Monday, December 08, 2014

Infamy seems to wear off over time

Maybe I didn't see much because I tend to avoid media most of the time, but Pearl Harbor Day seemed to come and go without more than a murmur.

I'm as bad as anyone. Caught up in the surprise attacks and extended campaigns of my own life I gave little thought to the Japanese attack more than 70 years ago that finally pushed the United States into World War II. As the Second World War appears to have solved fewer and fewer issues that plague us today, that great conflict between Good and Evil, as magnificent as it was, becomes a symbol of the frustrating endlessness and brutal human cost of that conflict.

We didn't even defeat the Fascists. They just rebranded, regrouped and took over the finance industry. They learned to be more subtle and play a longer game in their quest for world domination and discriminatory prosperity.

The dissipation of infamy happened suddenly in just a couple of years. The usual outlets that howl about exalting all things military shift their focus to the imaginary War on Christmas. The compression of the holiday season that follows a late Thanksgiving leaves little attention for remembrance of an inspiring defeat suffered before the midpoint of the previous century. Pearl Harbor Day suffers the fate of all children with birthdays in December. For years it was early enough to preserve its own little bubble of solemnity, but the accumulation of newer crises and the pressures of modern life have finally overtaken it.

We will never forget entirely. I'm not even saying that the degree to which we've forgotten already is entirely bad. Conflicts that occurred between people now mostly dead over political and economic issues that should never have led to war only deserve so much reverence before you have to shake your head and look at the whole shooting match as a waste of many things.
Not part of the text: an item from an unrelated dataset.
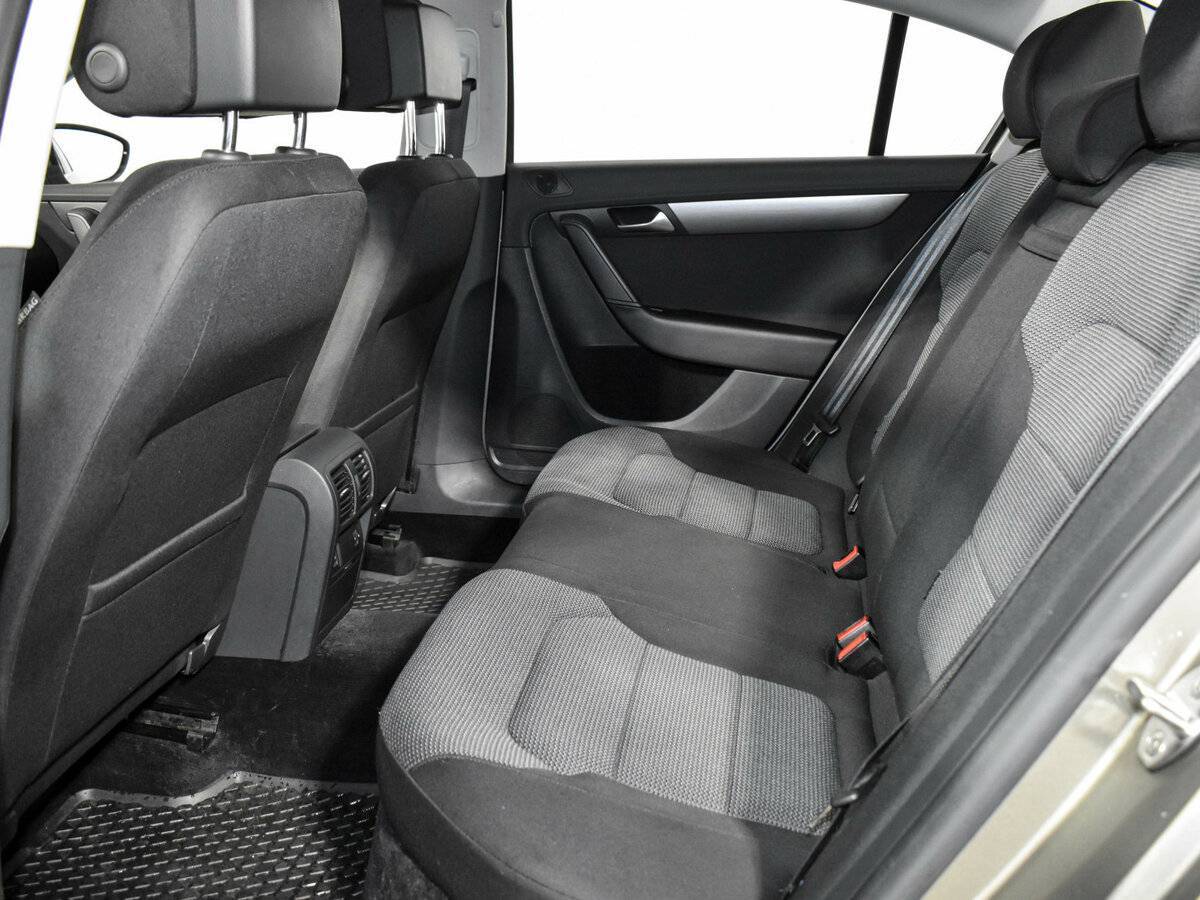 Б/У Фольксваген Пассат 2012 года. Фото: #10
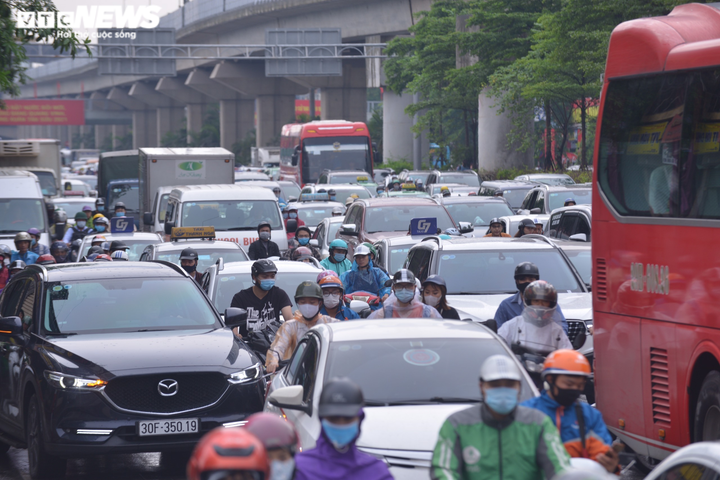 Ảnh: Hà Nội kẹt xe tứ phía, cây đổ ngổn ngang sau trận mưa lớn - 7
It had to be done, but only because of events that precipitated it based on things that should never have been done.

Pull back far enough and Earth is a tiny dot in cosmic blackness, populated by microscopic beings who will destroy each other and the whole place, attempting to rule it. It looks large and invulnerable to us here in the roughness of its crust. We abuse each other mercilessly as we try to shape the illusion to please ourselves.